Stocks were moving up in recent days despite soft economic data at home and abroad. But we do have a positive-looking labor market report this morning from the Jobless Claims data, which surprisingly came in better than expected. Not that it matters, but stocks finally have a justifiable reason for going up today.
We have a ton of earnings reports this morning as well. And barring a few standout negative surprises, most of the reports were along the lines of what we have been seeing repeatedly this earnings season – companies are beating bottom line expectations at a rate comparable to recent quarters, but positive revenue surprises are hard to come by.

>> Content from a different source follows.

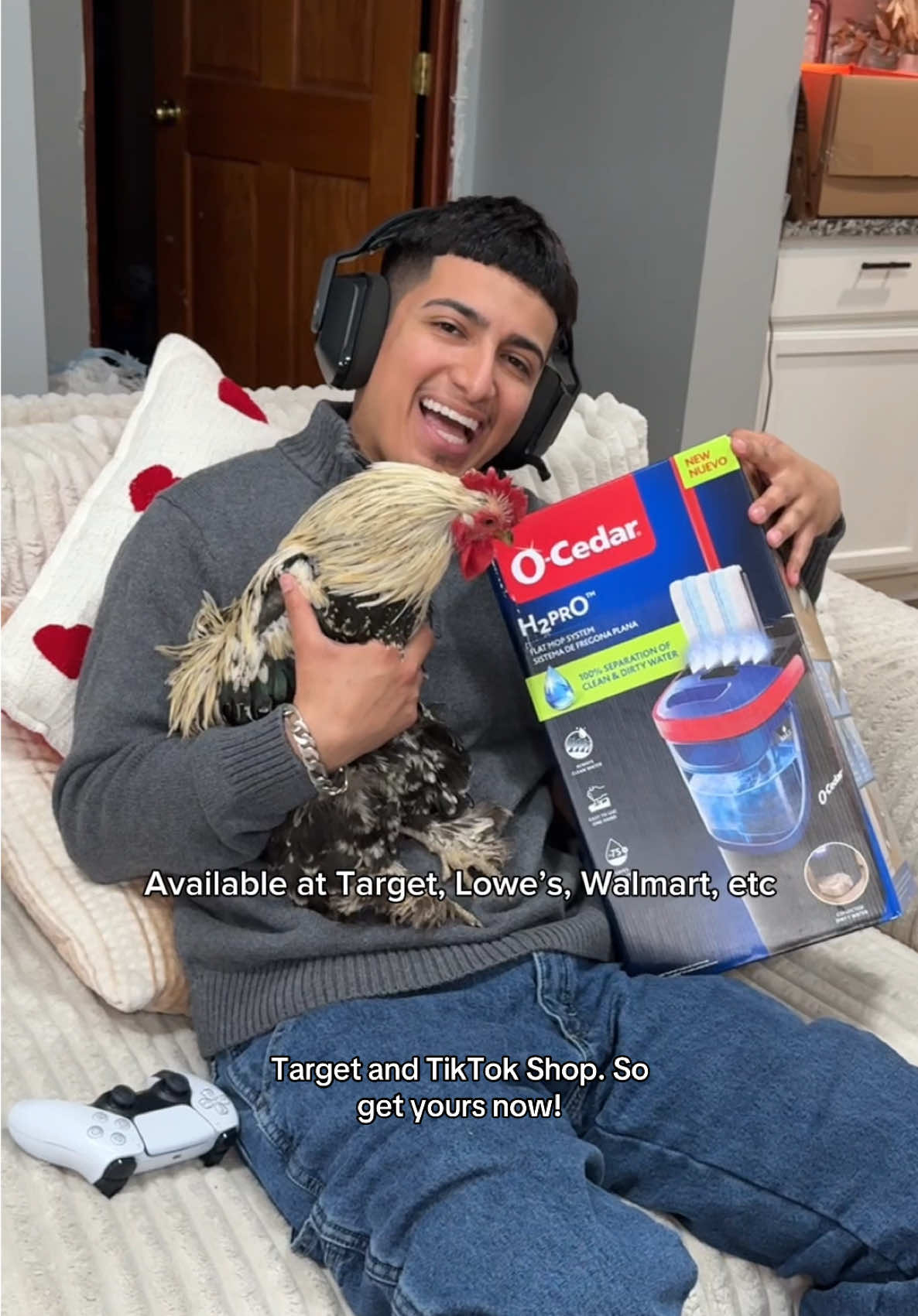 TikTok post by @neroanderika for O-Cedar. Caption reads: #ad #OCedarPartner Loving our new family member....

Including this morning’s long line-up of earnings releases, we now have crossed the halfway mark in the Q1 earnings season; not in terms of the number of companies that have come out with results, but in terms of total market cap. Accounting for this morning’s results from Exxon (XOM), 3M (MMM), Dow Chemicals (DOW), UPS (UPS) and others, we now have Q1 results from 232 S&P 500 companies that combined account for 56.4% of the index’s total market capitalization.

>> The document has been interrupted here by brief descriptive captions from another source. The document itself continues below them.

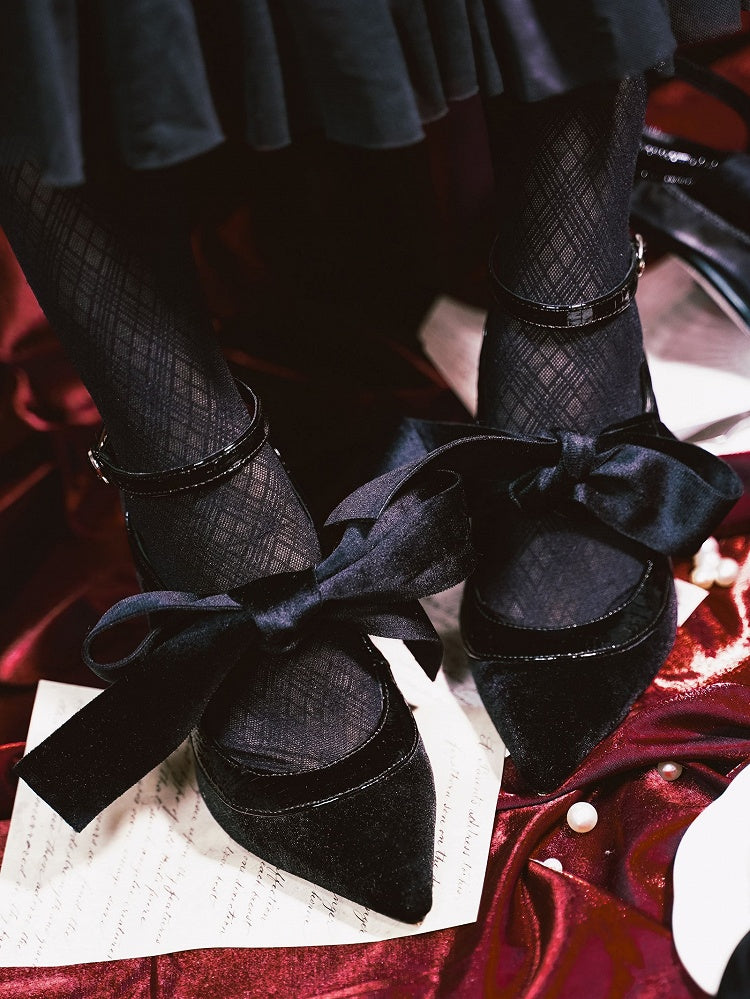 Shoes Black Bow Decor Toe Pointed Design High-heel Velvet Knotted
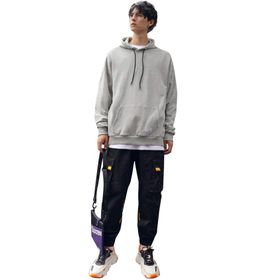Bestgift B081CR8Q5M Gri Erkek Kapüşonlu Sweatshirt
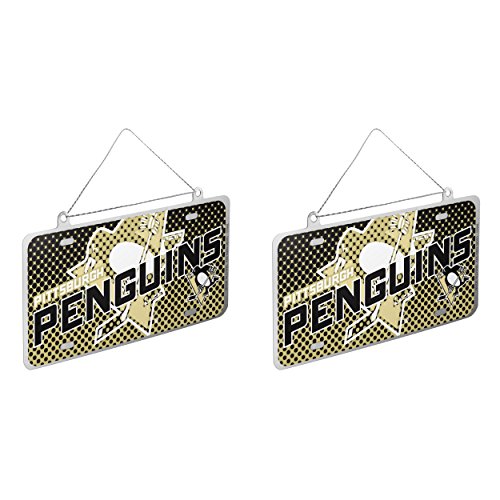 NHL Pittsburgh Penguins Metal License Plate Christmas Ornament Bundle 2 Pack By Forever Collectibles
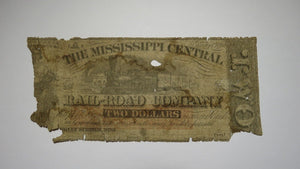 $2 1862 Holly Springs Mississippi Obsolete Currency Bank Note Bill Central RR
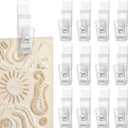 Sliner 12 Pcs Large Tapestry Wall Hangers Heavy Duty Self Adhesive Quilt Wall Hanging Clips Plastic Sticky Rug Hanger for Display Quilt Clamps Rack Mount for Tapestry Blankets and Other Textile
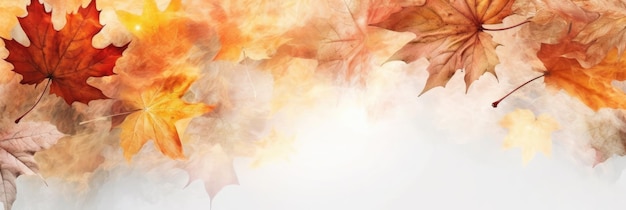 Farbenfroher Herbstlaub-Hintergrund. Panoramaformat mit Kopierraum für generative Text-KI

Total earnings for these 232 companies are up +2.2% from the same period last year, with 66.8% beating earnings expectations. Revenues are down -0.7%, with only 33.6% of the companies coming ahead of top-line expectations. The median surprise is +3.3% on the earnings side and negative -0.5% on the revenue side thus far. The +2.2% earnings growth rate is up from +0.6% gain for the same group of companies in 2012 Q4, but is below the 4-quarter average earnings growth rate of +3.3% for the same cohort. The revenue decline of -0.7% compares to the +0.6% growth rate in Q4 and 4-quarter average revenue growth pace of +0.1%. A key standout is the weakness is on the revenue ‘beat ratio’, which at 33.6% is materially below the rate for the same group of companies in recent quarters.
The composite growth rate for Q1, where we combine the results of the 232 companies that are out with the 268 still to come, is for +1.1% growth in earnings on +0.3% higher revenues. The composite earnings and revenue growth for Q1 has been going up since the earning season got underway; it was in negative territory at the start of the reporting cycle.